Merry Christmas and Happy Holidays from all of us here at Scribe UK! We hope you all have a great festive season and a prosperous 2018. In the spirit of giving, and as we've been talking about our own books all year, we thought we'd share with you what we'll be reading and (hopefully!) receiving next week:
Philip Gwyn Jones, Publisher-at-Large
Being an idiot, and being highly influenced by my colleagues, who extol its virtues, I want finally to find time to lose myself in the majestic Elif Batuman’s The Idiot. And I figure I really ought to see what all the fuss is about with Sally Rooney’s Conversations With Friends. And something tells me it’s time to read ee cummings again, for the first time since university...
Sarah Braybrooke, Managing Director
This year I was inspired to pick up Memoirs of A Dutiful Daughter, the first of Simone de Beauvoir’s autobiographies, after reading about her life in Sarah Bakewell's At The Existentialist Cafe and 1947: when now begins by Elisabeth Åsbrink. I loved getting to meet the teenage Simone and was delighted by the mixture of wry humour and emotional honesty with which she depicts her young self. That book ends just as she meets Sartre, and I’ll have to crack open the next instalment, The Prime of Life, to find out what happens next …

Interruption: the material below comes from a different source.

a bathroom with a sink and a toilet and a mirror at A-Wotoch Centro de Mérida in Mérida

I’ve been very gradually reading Jon Kabat-Zin’s book on meditation Wherever You Go, There You Are for months and I want to continue - I like his straightforward, non-didactic writing style and the eloquent imagery he uses to lay out the core principles of mindfulness. Also, I love the title and cover, which really stand out amidst the many blander titles in this category.
And I’ve just gotten my hands on a copy of Flights by Olga Tokarczuk. I’ve heard wonderful things about her writing and I think there’s no better place to read a book about wanderers than from the comfort of one’s own sofa over the Christmas break!

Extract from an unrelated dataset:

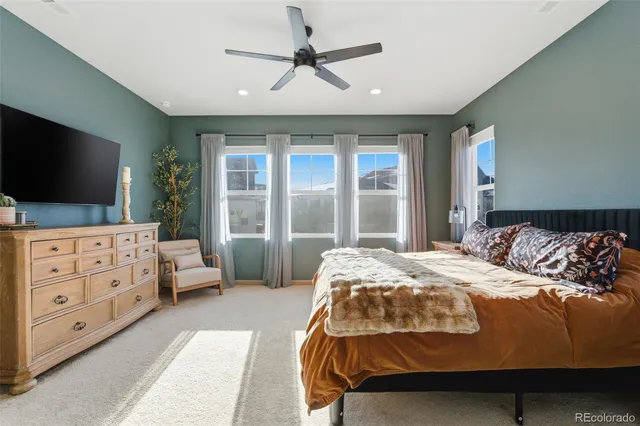 a bedroom with bed and flat tv with wooden floor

Molly Slight, Editorial and Publicity Manager
I’ve been lucky enough to receive two early Christmas presents, which I will be taking on the train with me when I travel to see my family this festive season: Educated by Tara Westover, an extraordinary sounding memoir about a woman who, having grown up in a Mormon cult, with no formal education, goes on to complete a PhD at Cambridge; and The Idiot by Elif Batuman, which our MD, Sarah, has been raving about all year, a coming-of-age story about a Turkish-American college freshman at Harvard.
Meanwhile, I will be giving Samin Nosrat’s exquisite Salt Fat Acid Heat to every foodie I know. More than just a recipe book, it is an all-encompassing guide to cooking and eating, and the production and design is absolutely stunning, a really lovely gift book. I’ll also be wrapping up a few copies of one of my favourite novels of the year, Elmet by Fiona Mozley, a spellbinding debut about a community in the north of England and their violent struggles with the local landowner.
Adam Howard, Publicist
Having already read The Idiot I'm going to have to find something else to read this Christmas, so I've decided to take a break from current publishing and return to a classic — I've found myself reading George Eliot over the festive period a number of times in the past, and this year I'm hoping that The Mill on the Floss is as revelatory and engrossing as all her other works. If I get through that, I'm going to give Min Jin Lee's Pachinko a go, fascinated as I am by mid-20th century Japan and its fraught (to say the least) relationship with Korea. But then again, my 12-year-old, fantasy-loving heart will probably convince me to wade into Philip Pullman's The Book of Dust, even though it's far too large to take to my Mum's. I also have my fingers crossed that I'll have Justin Hopper's The Old Weird Albion in my stocking – a tour of the strange, eerie corners of the English South that sounds right up my street.
Sophie Leeds, Digital Marketing Coordinator
I will be reading the classic The Very Hungry Caterpillar by Eric Carle at least twice a day for the next month. My daughter delights in the gluttony of the caterpillar and relishes the greedy Saturday full of cakes and cheese and sausages. She hates the butterfly at the end. ‘What’s the point,’ she thinks, ‘of being an industrious goal-oriented foodie if you’re only going to turn in to a flimsy butterfly that has exactly zero adventures?’ She calls the butterfly ‘sad’ and then makes me start at the beginning to relive its glory days.
For myself I will be re-reading my all-time favourite Christmas book The Hogfather by Terry Pratchett. It’s been my Christmas staple every year since I was a teenager and I still love it. It takes on the classic Christmas story of ‘what happens when people stop believing in Santa’ much like The Santa Clause or Miracle on 34th Street but with the Grim Reaper instead of Tim Allen and a surly governess instead of a precocious 7-year-old.
On my Christmas list this year are books that will really help me refine my mum-meddling skills; I have taken to interfering with all the creative pursuits of my brothers-in-law as they try and turn their hobbies into real businesses that result in money. As such I’ve been reading a number of business and marketing books and The Creative Entrepreneur: Business Made Beautiful For Artists, Makers and Designers looks like a book that could really help me gain financial control over my husband's family and thus secure my place as future matriarch of the Leeds clan.